Now speaking fluent Spanish into the phone, only Theo can understand her side of the conversation. Of course it’s easy to fill the gist of the rest. That’s in the form of her crisis averted, call’s end sigh of relief. Handing the phone back to Cosmo… she’s once again profuse with her thanks.
“Well… since it looks like we’re stuck here for awhile… I’m Cleo.” The round of handshakes ensue as she continues, “I’m a carpenter working over at the Devonshire construction site.”
Theo and Cosmo’s facial expressions “out” their lingering provincialism.
“Hey guys, welcome to the 21st century… don’t look so shocked. These days, women carpenters can and actually do cut it.”
“And I’ll bet you have plenty of power saws to back up your statement, too, “ jokes Cosmo. As the chuckles subside he adds, “I’m Cosmo… I teach astrophysics over at Berkley. As for my newfound friend…”
While conspicuously adjusting his collar and, clearing his throat, the other man interrupts, “I’m Theo…”
“Well ain’t that a hoot!” Cleo chimes in, “You’re Theo the theologian and he’s Cosmo the cosmologist.”
The group laughter gets drowned out as three 18-wheelers rumble by.
“Devonshire… wow… that’s really upscale,” Cosmo says while competing with the street noise.
“Yeah, tell me about it… the site’s billboard out front boasts, ‘Outstanding new homes starting in the five millions’… blah, blah, blah. Hell, I couldn’t eke out the mortgage payments on a birdhouse in that soon to be snooty, gated community.”
“Affordable housing? Does that even exist anymore?” laments Cosmo.
Theo frowns his silent, horizontally nodded answer to those Qs as Cleo asks, “Just where are everyday, average folks supposed to live, any way?”
“For sure, that’s a problem that that insensitive unholy, Trump, could never begin to fathom… let alone fix,” adds Theo.
“Amen to that!” she sighs and then looks down at her cell’s chronometer. “Guys, we’ve only known each other for ten minutes and… if you’ll excuse the construction worker parlance… I’d say we’re already building some great rapport.”
“In this one instance, I don’t even mind the buses running late,” Theo agrees.
“I’ll ditto that… but better late than never,” Cosmo says while gesturing leftward.
A three-bus convoy is now barreling down upon them.
“Any chance we’ll see one another again?” Cleo queries.
“Well, as for us guys, we’ll both be here every Monday, Wednesday and Friday morning,” says Theo.
“Thru late September, if not longer,” adds Cosmo, “How about you, Cleo?
“Well, since the only day my carpool can’t get me to work is on Fridays, it looks like we’ll all be meeting back at this bench a week from now.”

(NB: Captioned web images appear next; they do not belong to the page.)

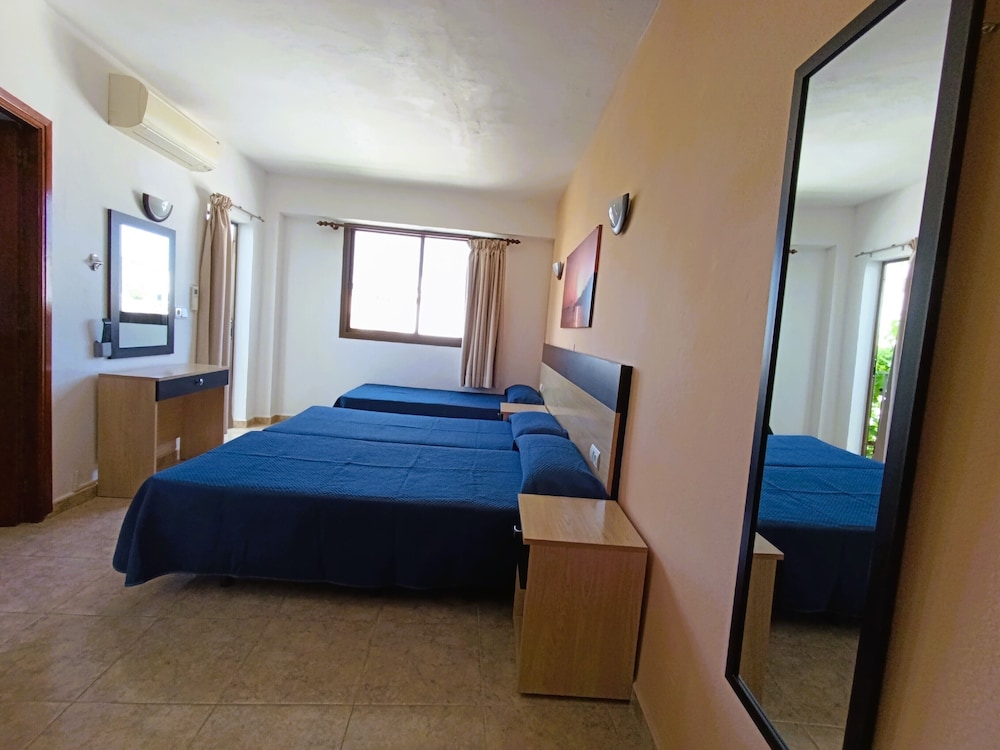 Residencia Horizonte 17/46
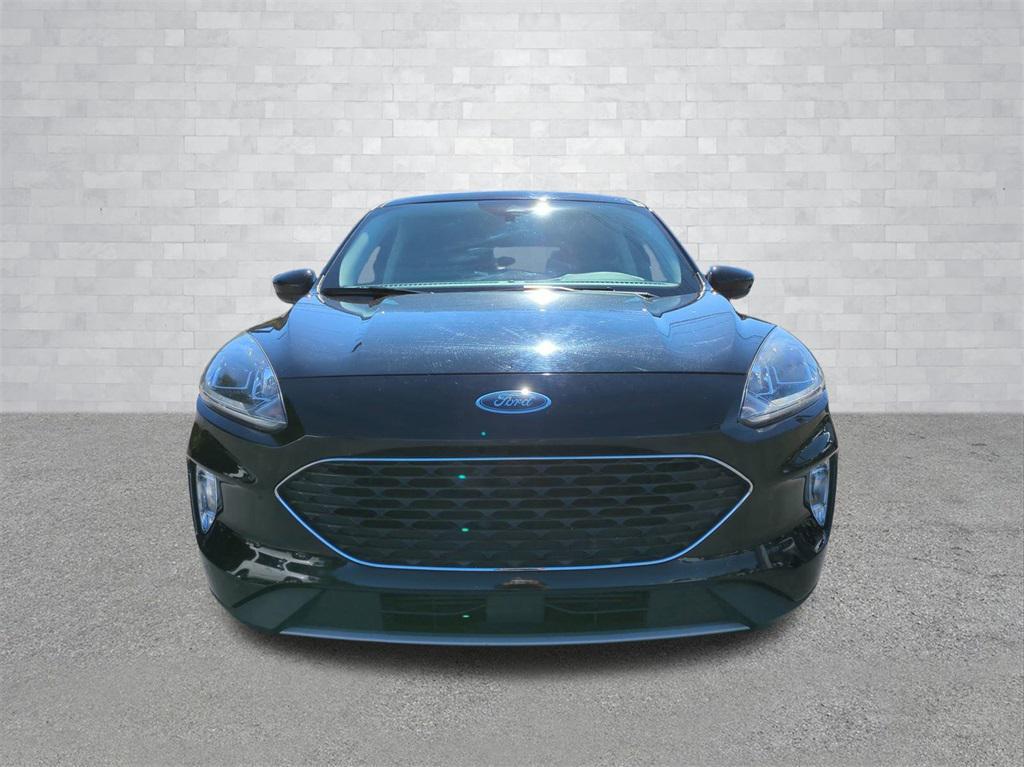 used 2022 Ford Escape car, priced at $21,500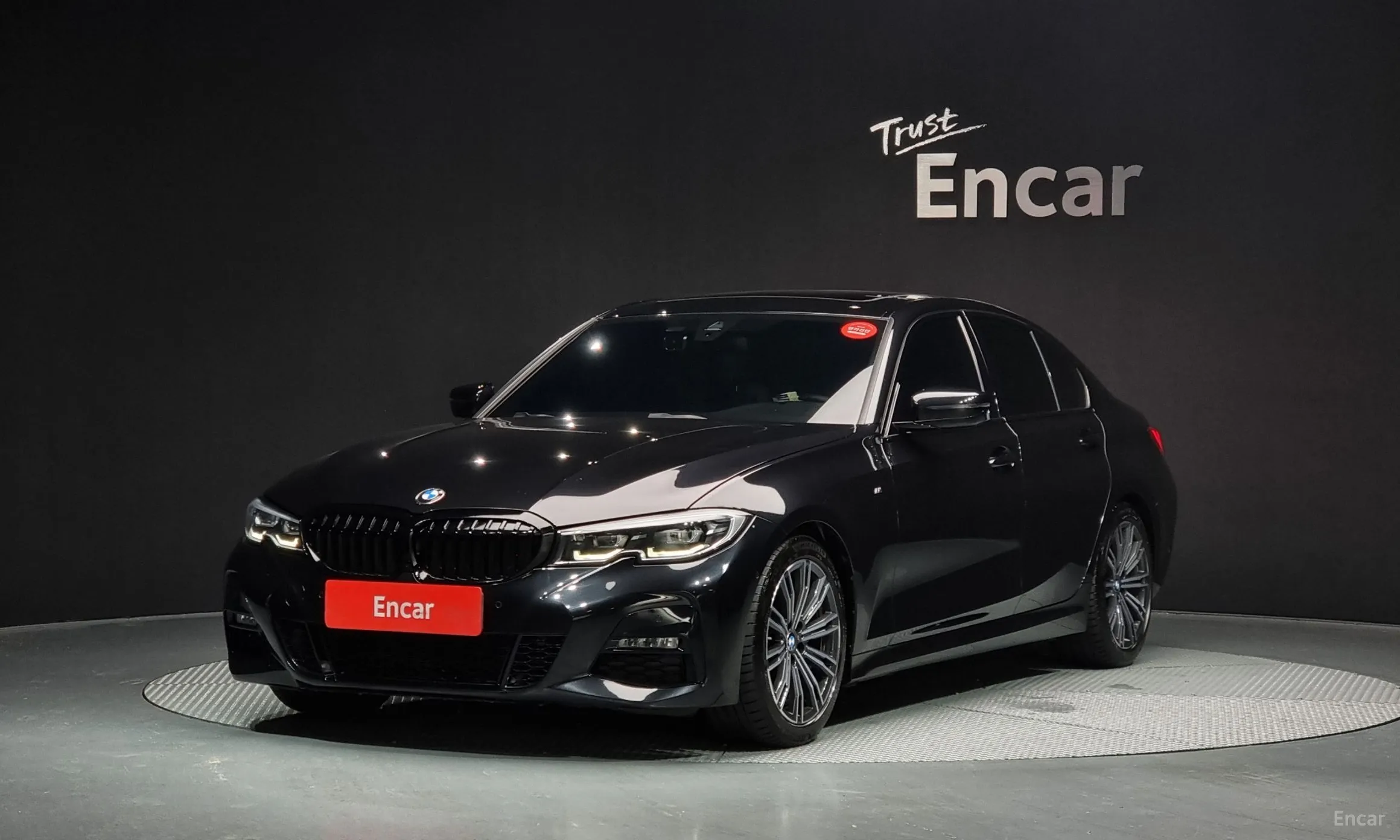 3 Series (G20)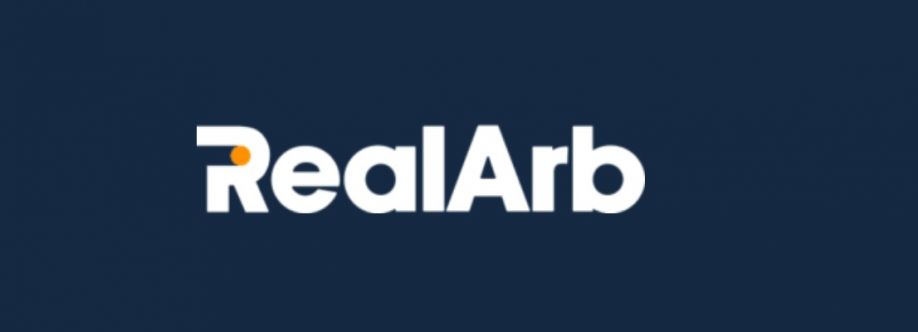 RealArb Cover Image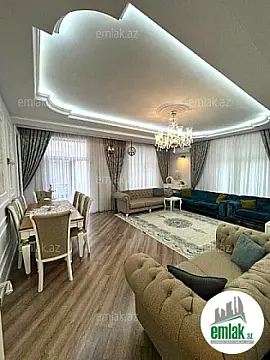 Satılır 4 otaqlı yeni tikili 180 m² — Bakı, 2-ci mikrorayon 4 otaq 180.00 m²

“Here’s to next Friday,” says Theo as all three raise and carefully tap their coffee cups… make a toast to their newfound friendship.
“You two like bagels?” she asks. Since both men nod vertically, she adds, “OK, that’ll be my treat for next week.”
Just then the busses all come to a squeaky, air-braked halt. The doors fling open to admit Cleo, Theo and Cosmo. Waving their till we meet again farewells, each climbs aboard to complete the final leg of their Friday morning commute.
A note to my readers: My game plan is to post these Cleo, Theo & Cosmo Bus Stop Chats on most, but not all, Fridays. These three fictitious characters will engage in political / social commentary… sometimes in agreement… other times not. But either way, the important thing, here, is that no matter how heated a discussion may get, they’ll remain civil towards each other… which, btw, is the way it should be… but usually is not… in our real world.
My apologies for this first installment running a bit long… that was mainly due to character development requirements. Future chats will focus more on (what else?) the actual chats… and consequently, be of shorter duration.